__Exercise__
In the entries below, copy only the lines from the one that contains "Hostel El Campo De Petra" through the last line, exactly, and omit any pictures.

__Source records__

────────────────────────────────────────

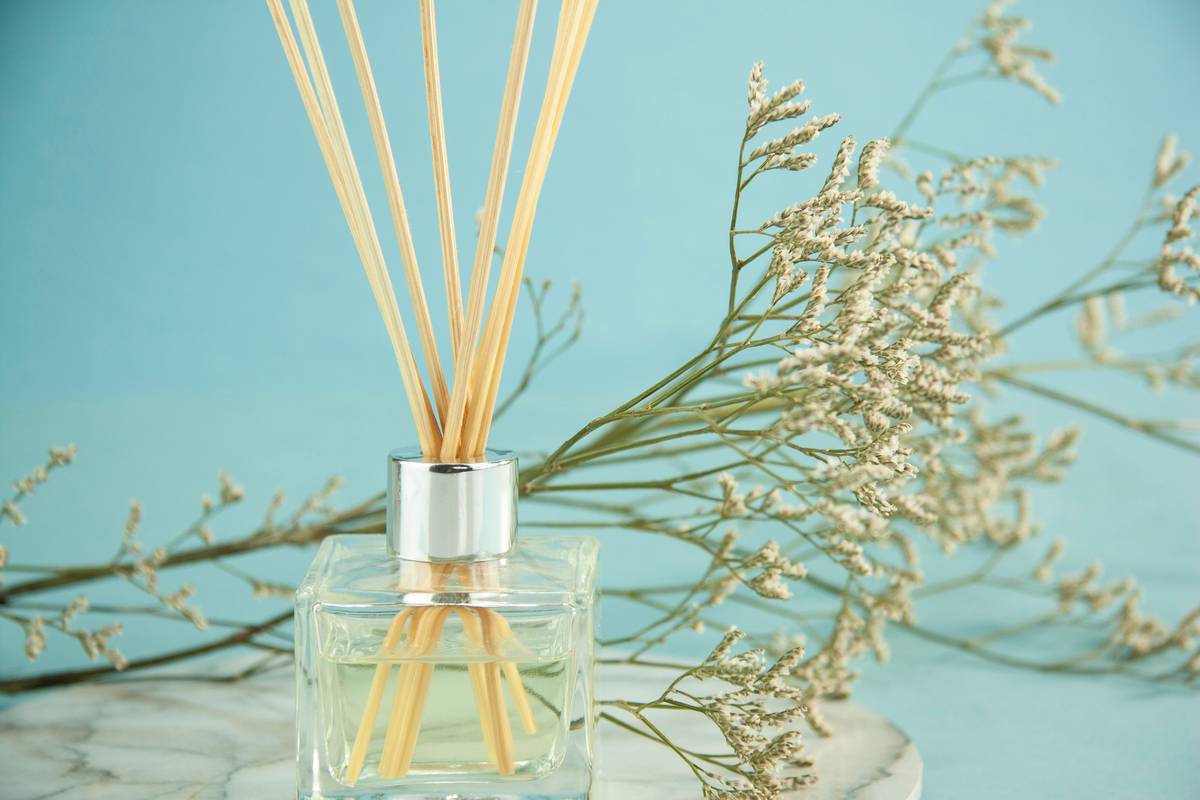 Natural Room Air Freshener: 7 Proven Ways to Avoid Toxic Mistakes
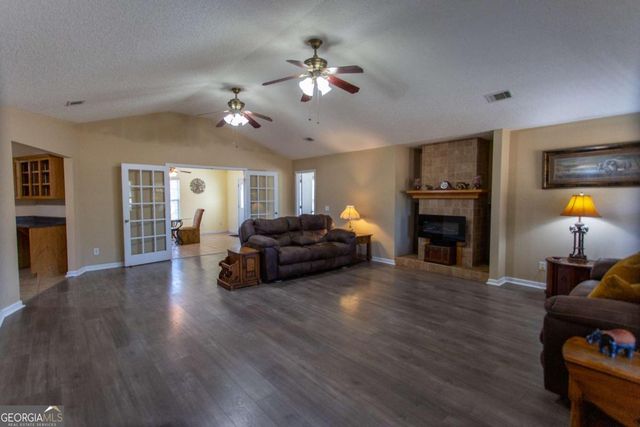 1351 Old Screven Road, Jesup, GA 31545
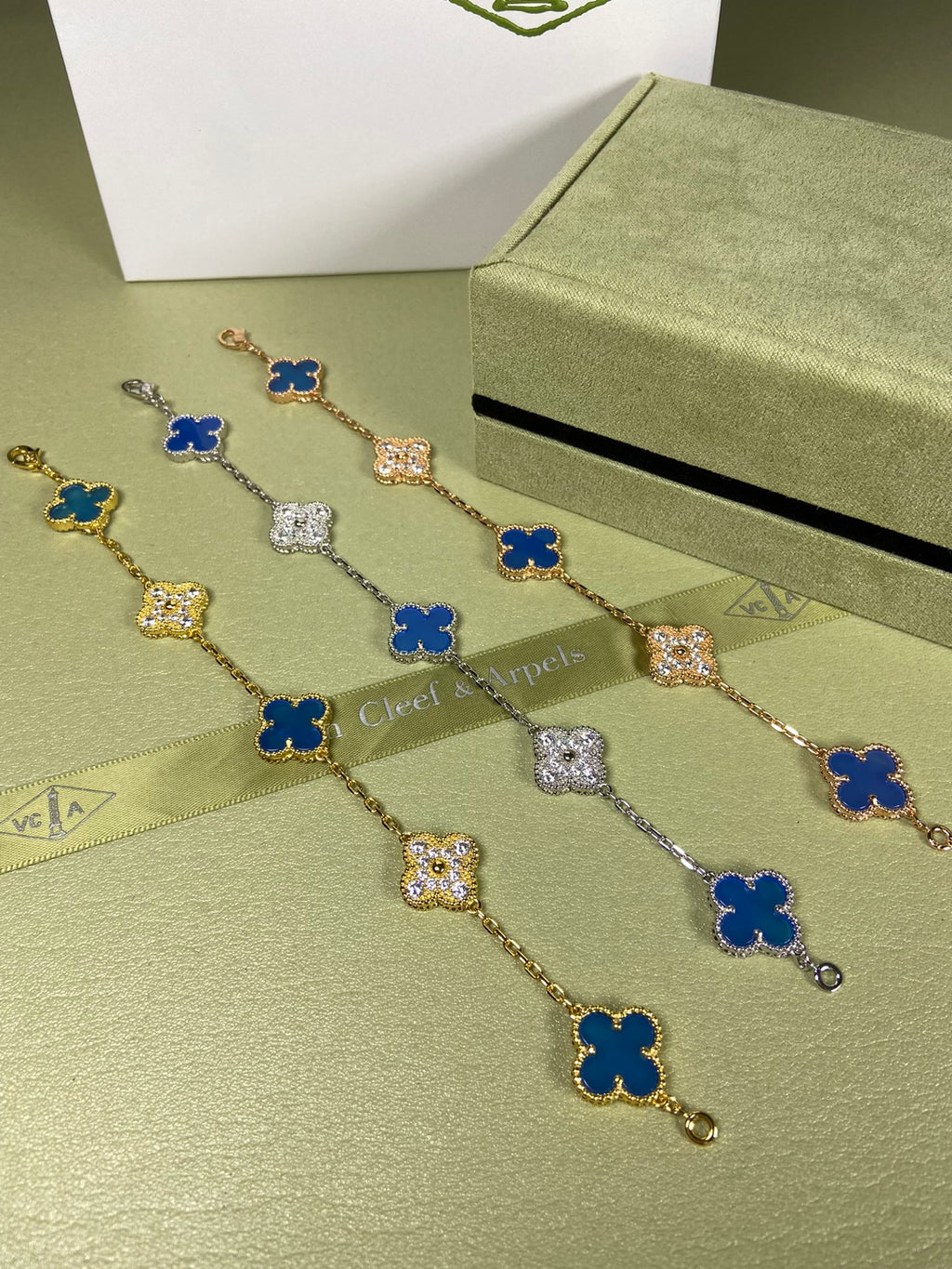 Blue Chalcedony Diamond-Studded Five-Flower Bracelet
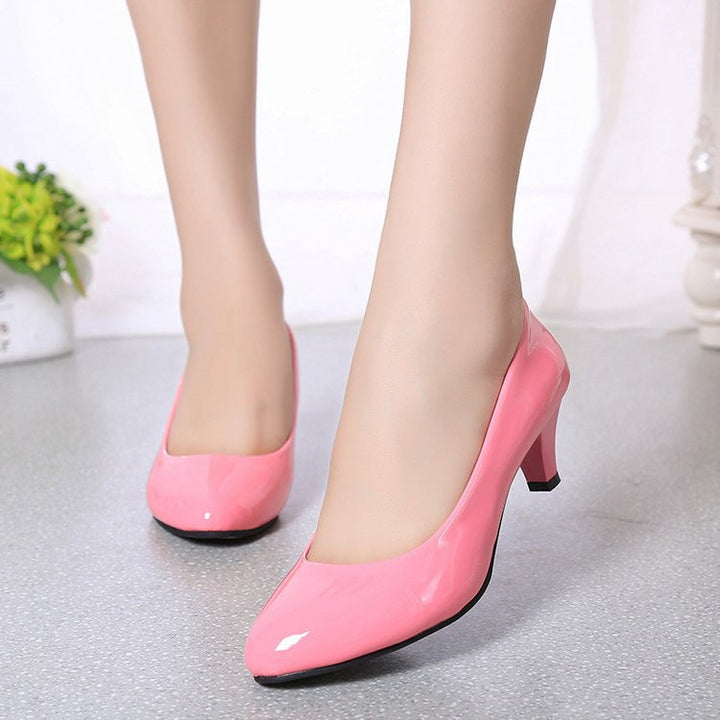 Women Elegant and Timeless Pumps Lune London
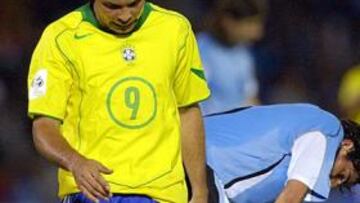 <B>HORAS BAJAS. </B>Ronaldo no parece estar pasando su mejor momento.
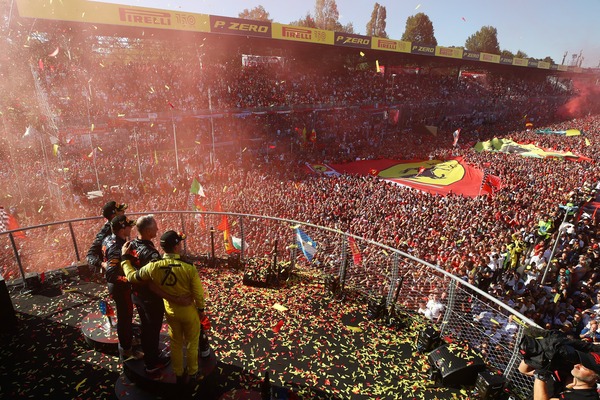 表彰台から眺めるティフォシ:2022年F1イタリアGP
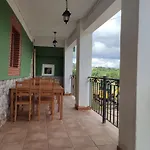 Hostel El Campo De Petra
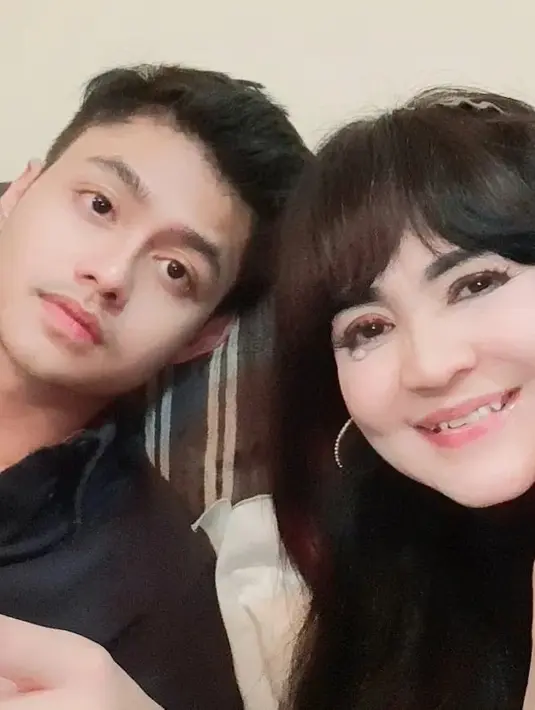 <p>Walaupun anak dari penyanyi terkenal, Fernanda jarang tersorot publik. Akan tetapi, ia pernah sesekali datang ke program TV bersama ayah dan ibunya. (Foto: Instagram/itadyahpurnamasari)</p>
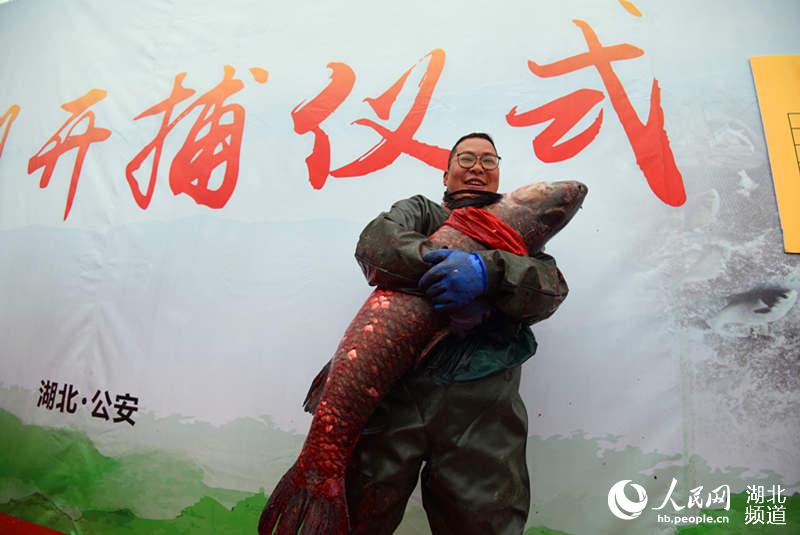 首届湖北·荆州鱼糕节开幕 “超级鱼糕”刷新世界纪录【5】
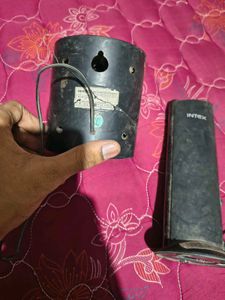 5 Pis Get 1 Free Speaker Good And Running Conditio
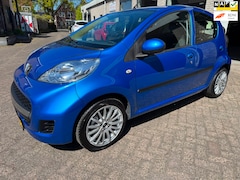Peugeot 107 - 1.0-12V XS AIRCO LM VELGEN ORG 129576 KM NAP ONDERHOUD BEURT GEHAD .NETTE STAAT NW APK AFL
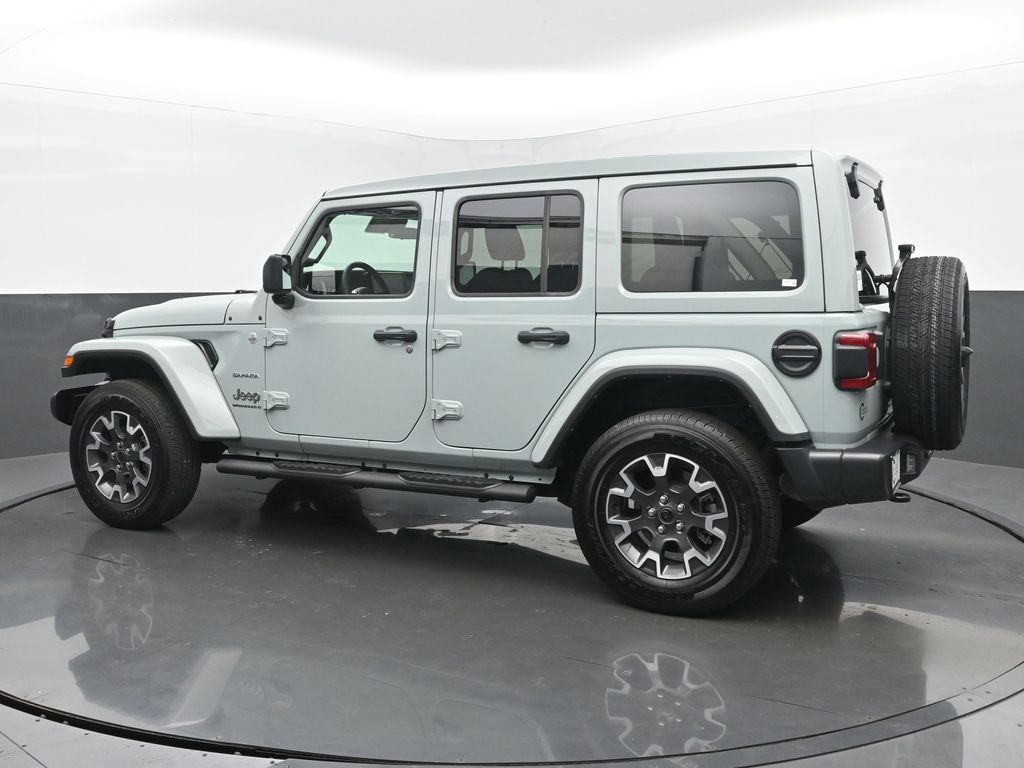 2024 Jeep Wrangler Sahara photo 3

────────────────────────────────────────

__Finished exercise__
 Hostel El Campo De Petra
 <p>Walaupun anak dari penyanyi terkenal, Fernanda jarang tersorot publik. Akan tetapi, ia pernah sesekali datang ke program TV bersama ayah dan ibunya. (Foto: Instagram/itadyahpurnamasari)</p>
 首届湖北·荆州鱼糕节开幕 “超级鱼糕”刷新世界纪录【5】
 5 Pis Get 1 Free Speaker Good And Running Conditio
Peugeot 107 - 1.0-12V XS AIRCO LM VELGEN ORG 129576 KM NAP ONDERHOUD BEURT GEHAD .NETTE STAAT NW APK AFL
 2024 Jeep Wrangler Sahara photo 3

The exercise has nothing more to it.